Recent Machine Learning (ML) breakthroughs from an optimization viewpoint involves the objective $\min_{x \in \mathbb{R}^d} l(x)$ with:

Very high $d$.
Loss function $l$ being non-convex.
Loss function only accessible through $l(x),\nabla l(x)$ queries.
Loss function being Lipschitz, differentiable, smooth ie. has Lipshitz gradient.

Gradient Descent (GD) is guaranteed to efficiently compute local minima even with non-convex $l$, and empirically the local minima are good enough. So much so that there is a debate whether scale is all we need. In the multi-agent learning setting, it is very clear that scale is not all we need.

Multi-agent learning happens explicitly in many Reinforcement Learning (RL) applications e.g. self-driving cars, co-operative video games, and implicitly in Deep Generative Models (DGMs) and training classifiers robust to adversarial attacks, where the multi-agent learning formulation helps one obtain a learning goal that is otherwise a single-agent learning goal.

Consider DGMs for example. Their goal is to find a neural network $G_x$ with parameters $x$ such that $G_x(z)$ (where $z$ is from a noise distribution e.g. isotropic Gaussian) produces "interesting samples" from a distribution of interest, for e.g. a distribution over celebrity faces. A game theoretic formulation helps us achieve this learning goal in Generative Adversarial Networks (GANs). The setup consists of a 2-player zero-sum game between a player tuning the parameters $x$ of a generator, and another player tuning the parameters $y$ of another neural network called the discriminator. The payoff function is setup such that at the equilibrium, the generator is generating good images. The generator's goal is to take "boring samples" and create "interesting samples" (samples are often images), and the discriminators goal is to take fake or real samples and distinguish the real and fake samples. For e.g. in Wasserstein GANs the loss function is $l_G(x,y) = -l_D(x,y) = \mathbb{E}_{z\sim P_{real}}[D_y(z)] - \mathbb{E}_{z \sim \mathcal{N}(0,I)}[D_y(G_x(z))]$. The hope is that at the equilbrium, the generator is completely fooling the discriminator. $l_G,l_D$ are non-convex in $x,y$ respectively, which are both very high-dimensional, and such games may have no equilibria. The motivation question for this talk is "What does game theory even predict in this case?"

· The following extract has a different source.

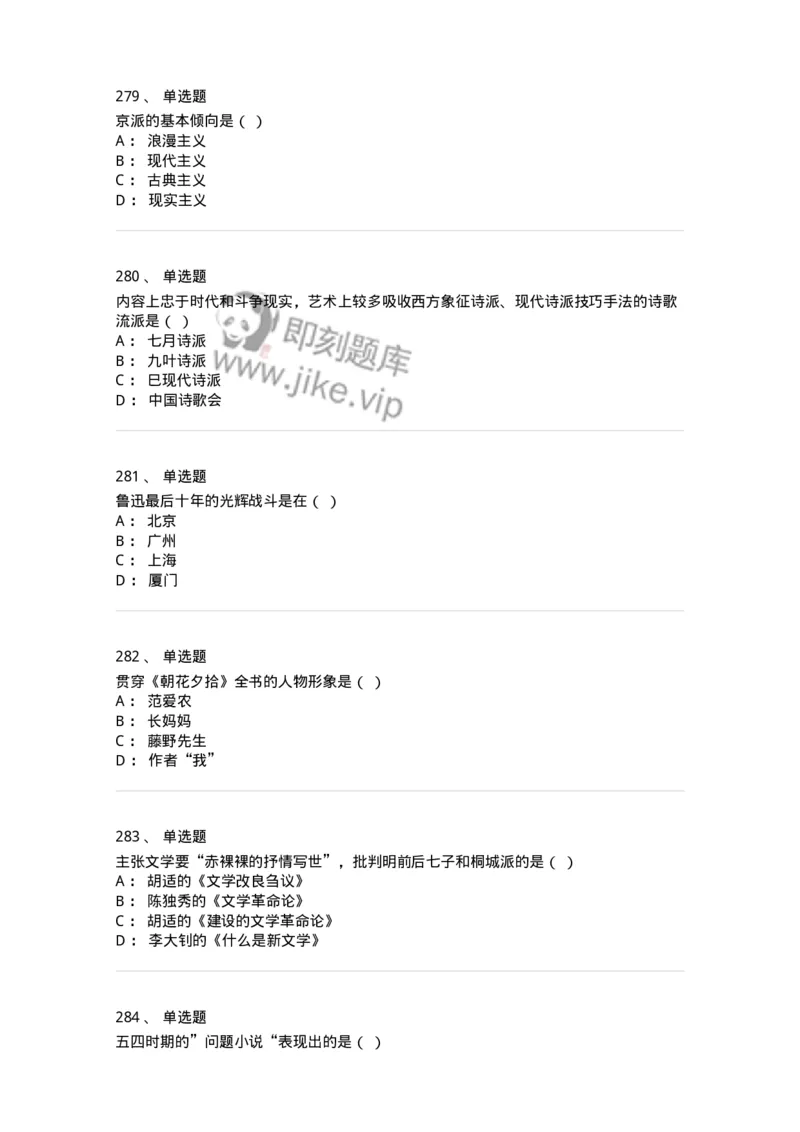 606-中国现当代文学-137675_军队文职(1)_01.军队文职真题-专业课_（全）版本一（历年真题+章节练习+模拟题）_汉语言文学(军队文职)_章节练习_纯题目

In practice, the GAN objectives are optimized using Simulataneous GD i.e. \[ x_{t+1} = x_t - \eta \cdot \nabla_x l_G(x_t,y_t)\] \[y_{t+1} = y_t -\eta \cdot \nabla_y l_D(x_t,y_t)\] Empirically this does not work out of the box like how single-agent GD works out of the box. Some problems include mode collapse and mode cycling, and visually bad samples generated on datasets like MNIST (??, ????)

So we ask ourselves if there is a generic optimization framework for multi-agent deep learning, and what are meaningful optimization targets in this setting, and whether they are practically attainable.

Consider applications with multiple agents, each agent takes a high-dimensional decision, and has a loss function that depends on their action and the actions of other agents..It is possible their are constraints on the strategies of all agents (e.g. limited supply constrains maximum sales). Similar to the single-agent setting, the loss functions are non-convex (for the decision of each agent), and is accessible through queries to $l_i(x),\nabla_x l_i(x)$, and are Lipschitz, differentiable and smooth i.e. their gradient is Lipschitz. We call this setting smooth non-convex games. (Non-concave in game theory literature). The challenge is that Nash equilibria do not exist in non-convex games e.g. consider a two-player zero-sum game with loss function $l_1(x_1,x_2)=-l_2(x_1,x_2)=(x_1-x_2)^2$, since if at a pair of points $(x_1^t, x_2^t)$ we have $x_1^t\neq x_2^t$, then the strategy for $x_1$ is $x_1^{t+1}=x_2$ and if $x_1^t=x_2^t$ then $x_2^{t+1} = c \neq x_1^t$ i.e. it goes as far away as possible and thus this simple game has no Nash equilibria.

The question now is, what are meaningful optimization targets in this setting and are they practically attainable? By meaningul we mean that it should exist, and verifiable with the information they have about the loss functions, and by practically attainable we mean efficiently reached via a GD like (or similar light-weight) method.

One weak optimization target we might be interested in is the Local Nash Equilibrium, which is a point (i.e. collection of strategies) $x^* = (x_1^*,\cdots,x_n^*) \in \mathcal{S}$ such that for each player $i, x_i^*$ is a local minimum of $l_i(x_i;x_{-i}^*)$ w.r.t $x_i$, that is, if the other players keep their strategies at $x^*_{-i}$ we allow player $i$ to locally optimize their utility function.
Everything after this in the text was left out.